§ **Your goal**:
If a line below falls between the line with "Сколько калорий в фруктозе" and the line with "French American Indian", or is one of those two, output it exactly; output nothing else and no pictures.

§ **Entries shown**:
-=-=-=-=-

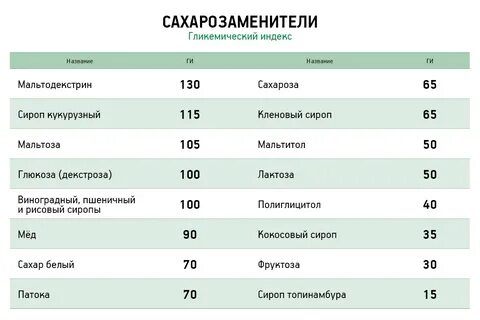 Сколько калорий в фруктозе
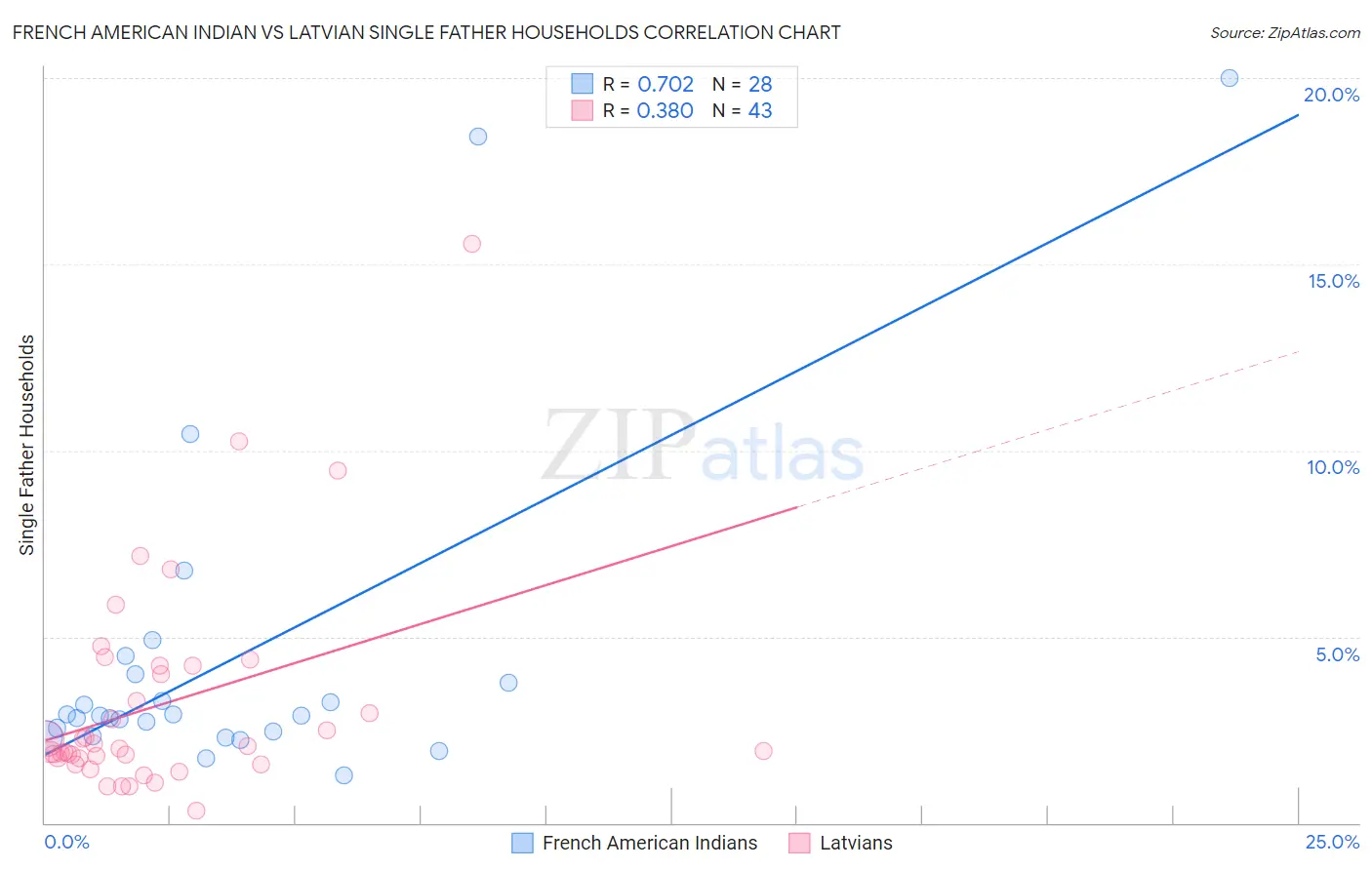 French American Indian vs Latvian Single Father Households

-=-=-=-=-

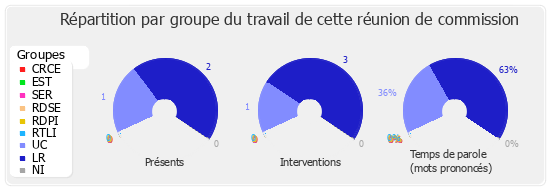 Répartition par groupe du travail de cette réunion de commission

-=-=-=-=-

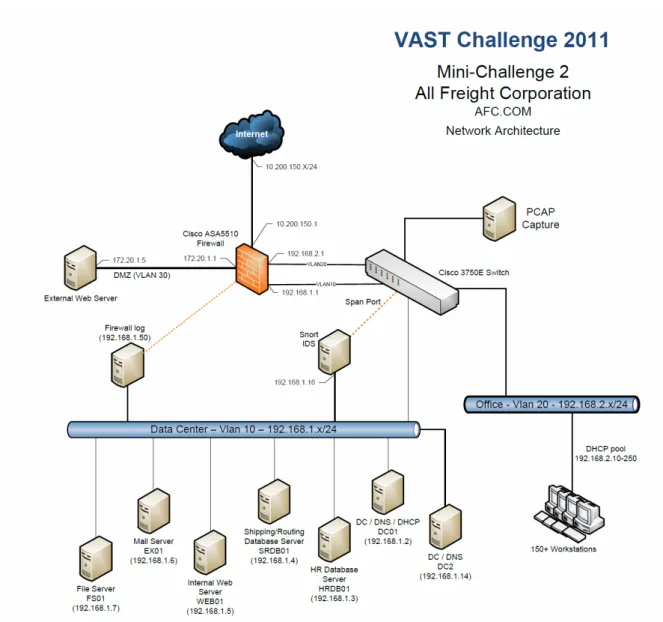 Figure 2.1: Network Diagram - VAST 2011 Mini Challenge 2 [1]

-=-=-=-=-

§ **Task answer**:
 Сколько калорий в фруктозе
 French American Indian vs Latvian Single Father Households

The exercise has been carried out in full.